Exercise. Pull every line containing "blue" from the entries.

────────

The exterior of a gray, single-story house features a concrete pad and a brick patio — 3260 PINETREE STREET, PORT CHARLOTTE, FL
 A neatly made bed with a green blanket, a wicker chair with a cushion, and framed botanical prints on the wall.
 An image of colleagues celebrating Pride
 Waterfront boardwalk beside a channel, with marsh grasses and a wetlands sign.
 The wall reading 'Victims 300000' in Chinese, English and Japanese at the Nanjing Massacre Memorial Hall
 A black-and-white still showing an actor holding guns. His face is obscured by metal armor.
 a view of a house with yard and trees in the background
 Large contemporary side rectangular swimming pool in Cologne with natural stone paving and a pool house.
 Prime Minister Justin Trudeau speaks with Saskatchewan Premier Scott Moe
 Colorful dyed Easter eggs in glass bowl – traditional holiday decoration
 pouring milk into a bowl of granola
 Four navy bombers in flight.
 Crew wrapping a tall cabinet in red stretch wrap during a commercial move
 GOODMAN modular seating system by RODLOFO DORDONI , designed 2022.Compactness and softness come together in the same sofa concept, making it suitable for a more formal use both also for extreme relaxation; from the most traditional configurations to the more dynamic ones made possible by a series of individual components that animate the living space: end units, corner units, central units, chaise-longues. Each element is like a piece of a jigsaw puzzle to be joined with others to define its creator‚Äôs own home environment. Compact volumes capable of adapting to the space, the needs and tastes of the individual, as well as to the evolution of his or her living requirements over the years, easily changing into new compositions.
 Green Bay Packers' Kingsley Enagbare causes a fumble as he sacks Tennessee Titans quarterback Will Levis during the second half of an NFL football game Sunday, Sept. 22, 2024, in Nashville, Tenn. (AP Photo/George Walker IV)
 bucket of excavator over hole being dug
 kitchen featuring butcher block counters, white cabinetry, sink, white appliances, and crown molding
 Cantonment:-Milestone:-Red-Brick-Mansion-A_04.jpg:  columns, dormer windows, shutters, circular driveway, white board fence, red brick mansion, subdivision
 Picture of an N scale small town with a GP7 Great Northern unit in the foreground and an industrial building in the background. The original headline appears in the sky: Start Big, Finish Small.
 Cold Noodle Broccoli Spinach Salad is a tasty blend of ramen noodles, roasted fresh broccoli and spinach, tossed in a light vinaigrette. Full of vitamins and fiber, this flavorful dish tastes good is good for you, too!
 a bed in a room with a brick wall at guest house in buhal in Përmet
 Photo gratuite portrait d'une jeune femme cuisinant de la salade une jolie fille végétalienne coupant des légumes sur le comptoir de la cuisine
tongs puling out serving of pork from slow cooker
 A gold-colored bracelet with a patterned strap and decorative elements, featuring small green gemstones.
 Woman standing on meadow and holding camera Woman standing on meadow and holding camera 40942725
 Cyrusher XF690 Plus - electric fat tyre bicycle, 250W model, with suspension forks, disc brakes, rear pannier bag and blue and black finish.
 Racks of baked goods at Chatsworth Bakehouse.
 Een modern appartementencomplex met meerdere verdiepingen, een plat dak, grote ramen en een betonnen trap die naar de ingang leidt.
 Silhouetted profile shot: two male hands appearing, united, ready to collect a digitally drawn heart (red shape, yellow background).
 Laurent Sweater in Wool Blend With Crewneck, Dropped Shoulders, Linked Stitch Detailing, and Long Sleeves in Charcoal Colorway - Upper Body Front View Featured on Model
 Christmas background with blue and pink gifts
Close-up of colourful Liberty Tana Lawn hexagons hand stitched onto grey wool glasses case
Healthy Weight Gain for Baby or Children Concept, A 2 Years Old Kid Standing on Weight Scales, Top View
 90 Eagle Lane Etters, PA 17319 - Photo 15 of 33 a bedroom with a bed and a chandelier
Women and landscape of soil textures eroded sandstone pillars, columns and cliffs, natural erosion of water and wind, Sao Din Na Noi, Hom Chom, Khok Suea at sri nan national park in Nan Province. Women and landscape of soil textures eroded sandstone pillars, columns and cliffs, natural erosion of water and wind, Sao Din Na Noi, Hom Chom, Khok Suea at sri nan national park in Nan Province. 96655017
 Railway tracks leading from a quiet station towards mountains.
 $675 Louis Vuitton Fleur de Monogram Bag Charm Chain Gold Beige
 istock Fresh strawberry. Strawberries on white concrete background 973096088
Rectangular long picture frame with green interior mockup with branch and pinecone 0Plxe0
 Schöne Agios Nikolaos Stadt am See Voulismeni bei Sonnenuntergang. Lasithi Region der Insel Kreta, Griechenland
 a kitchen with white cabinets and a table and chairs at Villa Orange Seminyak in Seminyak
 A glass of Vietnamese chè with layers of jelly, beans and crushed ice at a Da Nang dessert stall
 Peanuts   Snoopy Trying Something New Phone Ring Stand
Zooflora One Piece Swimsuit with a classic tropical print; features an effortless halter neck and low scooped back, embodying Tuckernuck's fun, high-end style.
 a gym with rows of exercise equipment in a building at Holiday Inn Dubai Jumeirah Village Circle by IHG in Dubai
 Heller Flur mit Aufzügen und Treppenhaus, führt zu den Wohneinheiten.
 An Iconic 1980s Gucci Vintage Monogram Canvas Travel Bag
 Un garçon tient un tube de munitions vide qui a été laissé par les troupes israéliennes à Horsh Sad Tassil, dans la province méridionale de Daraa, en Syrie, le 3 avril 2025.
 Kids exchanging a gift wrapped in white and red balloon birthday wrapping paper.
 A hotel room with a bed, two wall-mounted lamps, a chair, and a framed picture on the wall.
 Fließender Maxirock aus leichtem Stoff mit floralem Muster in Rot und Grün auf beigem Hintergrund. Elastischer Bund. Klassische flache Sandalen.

────────

Result.
 Cyrusher XF690 Plus - electric fat tyre bicycle, 250W model, with suspension forks, disc brakes, rear pannier bag and blue and black finish.
 Christmas background with blue and pink gifts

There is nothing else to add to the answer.